Undergraduate and graduate students will collaborate with Khanal on the two-year project.
Khanal joined the Jasper Department of Chemical Engineering faculty in 2020. He holds master’s and doctorate degrees in chemical engineering with a research emphasis on reservoir simulation and engineering from the University of Houston. His research has also garnered grants for UT Tyler from the VentureWells Foundation, P&G Foundation and American Chemical Society. He teaches chemical engineering laboratory, thermodynamics and mass transfer at UT Tyler.
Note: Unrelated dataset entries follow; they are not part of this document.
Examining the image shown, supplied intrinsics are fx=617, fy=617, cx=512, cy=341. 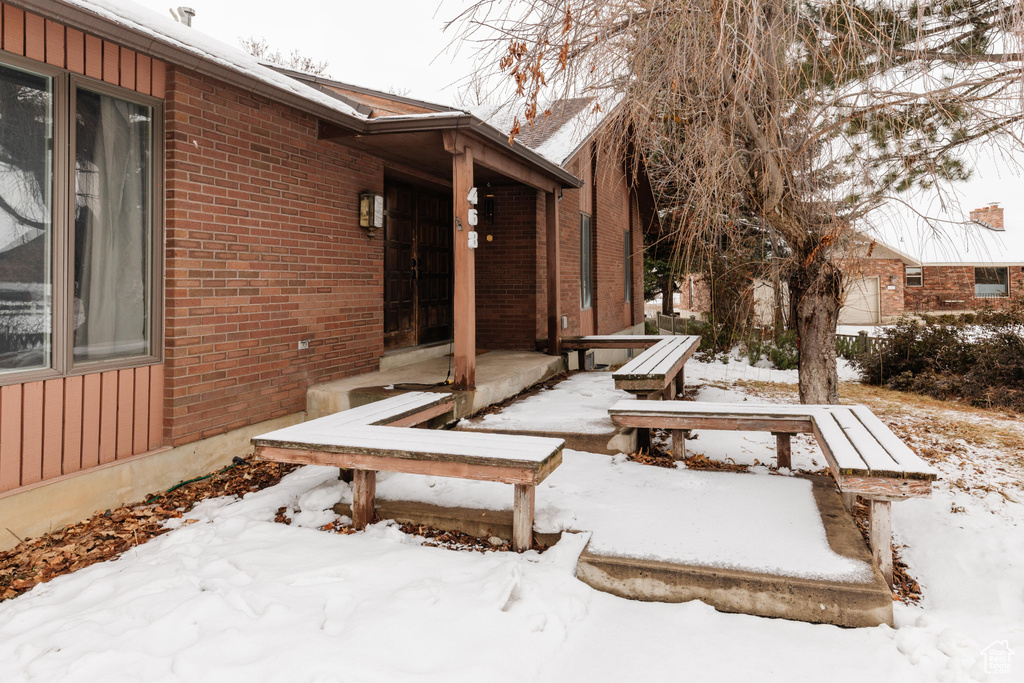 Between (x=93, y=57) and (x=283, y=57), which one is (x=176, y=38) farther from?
(x=283, y=57)

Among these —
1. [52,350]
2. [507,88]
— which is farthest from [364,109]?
[52,350]

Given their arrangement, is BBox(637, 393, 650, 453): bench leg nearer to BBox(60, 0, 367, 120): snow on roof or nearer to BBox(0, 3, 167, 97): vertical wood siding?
BBox(60, 0, 367, 120): snow on roof

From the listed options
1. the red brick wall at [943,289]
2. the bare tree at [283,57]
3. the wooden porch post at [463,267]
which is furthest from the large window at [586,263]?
the red brick wall at [943,289]

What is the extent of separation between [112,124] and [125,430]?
1975 millimetres

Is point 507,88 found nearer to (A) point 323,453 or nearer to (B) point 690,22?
(B) point 690,22

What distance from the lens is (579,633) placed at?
8.82 ft

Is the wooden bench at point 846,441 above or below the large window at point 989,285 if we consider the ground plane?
below

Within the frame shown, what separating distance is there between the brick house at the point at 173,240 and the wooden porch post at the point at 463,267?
0.02 meters

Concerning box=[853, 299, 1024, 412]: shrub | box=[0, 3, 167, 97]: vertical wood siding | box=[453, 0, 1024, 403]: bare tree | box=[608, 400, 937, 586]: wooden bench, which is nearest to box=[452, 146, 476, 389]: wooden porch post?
box=[453, 0, 1024, 403]: bare tree

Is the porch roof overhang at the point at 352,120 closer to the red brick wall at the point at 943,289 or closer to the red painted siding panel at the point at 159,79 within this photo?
the red painted siding panel at the point at 159,79

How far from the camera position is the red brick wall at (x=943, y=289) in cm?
2441

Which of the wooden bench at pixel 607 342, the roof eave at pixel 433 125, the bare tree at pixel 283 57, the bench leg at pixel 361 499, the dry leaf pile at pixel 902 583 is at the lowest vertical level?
the dry leaf pile at pixel 902 583

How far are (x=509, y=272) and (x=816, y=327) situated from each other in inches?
165

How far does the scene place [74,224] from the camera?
3709 mm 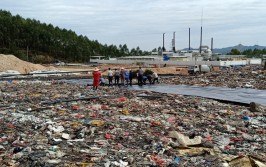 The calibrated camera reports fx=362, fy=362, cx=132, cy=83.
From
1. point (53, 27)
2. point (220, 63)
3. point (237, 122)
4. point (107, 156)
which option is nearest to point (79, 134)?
point (107, 156)

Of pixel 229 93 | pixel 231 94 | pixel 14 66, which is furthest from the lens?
pixel 14 66

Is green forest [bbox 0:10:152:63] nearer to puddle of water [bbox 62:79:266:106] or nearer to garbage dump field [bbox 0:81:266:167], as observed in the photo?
puddle of water [bbox 62:79:266:106]

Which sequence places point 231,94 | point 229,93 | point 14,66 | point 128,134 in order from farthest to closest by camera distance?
point 14,66, point 229,93, point 231,94, point 128,134

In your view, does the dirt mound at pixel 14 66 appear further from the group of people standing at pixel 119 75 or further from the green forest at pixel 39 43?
the green forest at pixel 39 43

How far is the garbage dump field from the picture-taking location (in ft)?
24.0

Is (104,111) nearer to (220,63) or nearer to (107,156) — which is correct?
(107,156)

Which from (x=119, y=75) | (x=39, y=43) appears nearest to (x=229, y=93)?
(x=119, y=75)

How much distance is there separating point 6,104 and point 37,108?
6.49 feet

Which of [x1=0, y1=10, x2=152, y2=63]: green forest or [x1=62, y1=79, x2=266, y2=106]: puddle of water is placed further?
[x1=0, y1=10, x2=152, y2=63]: green forest

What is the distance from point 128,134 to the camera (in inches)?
369

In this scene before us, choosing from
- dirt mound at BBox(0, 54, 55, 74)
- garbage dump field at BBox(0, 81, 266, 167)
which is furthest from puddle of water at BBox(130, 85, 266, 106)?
dirt mound at BBox(0, 54, 55, 74)

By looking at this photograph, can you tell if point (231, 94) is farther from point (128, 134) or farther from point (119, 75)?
point (128, 134)

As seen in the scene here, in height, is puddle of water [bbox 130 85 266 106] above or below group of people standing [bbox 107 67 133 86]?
below

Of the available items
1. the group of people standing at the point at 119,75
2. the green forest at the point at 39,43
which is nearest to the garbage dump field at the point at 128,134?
the group of people standing at the point at 119,75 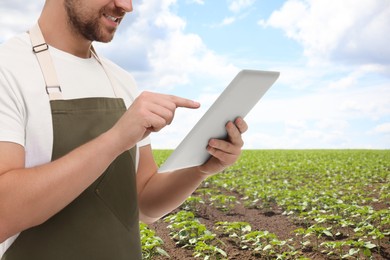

With a mission to improve educational and health care outcomes for East Texas and beyond, UT Tyler offers more than 80 undergraduate and graduate programs to 10,000 students. UT Tyler recently merged with The University of Texas Health Science Center at Tyler (now known as UT Tyler Health Science Center). Through its alignment with UT Tyler Health Science Center (HSC) and UT Health East Texas, UT Tyler has unified these entities to serve Texas with quality education,
cutting-edge research and excellent patient care. Classified by Carnegie as a doctoral research institution and by U.S. News & World Report as a national university, UT Tyler has campuses in Tyler, Longview, Palestine and Houston.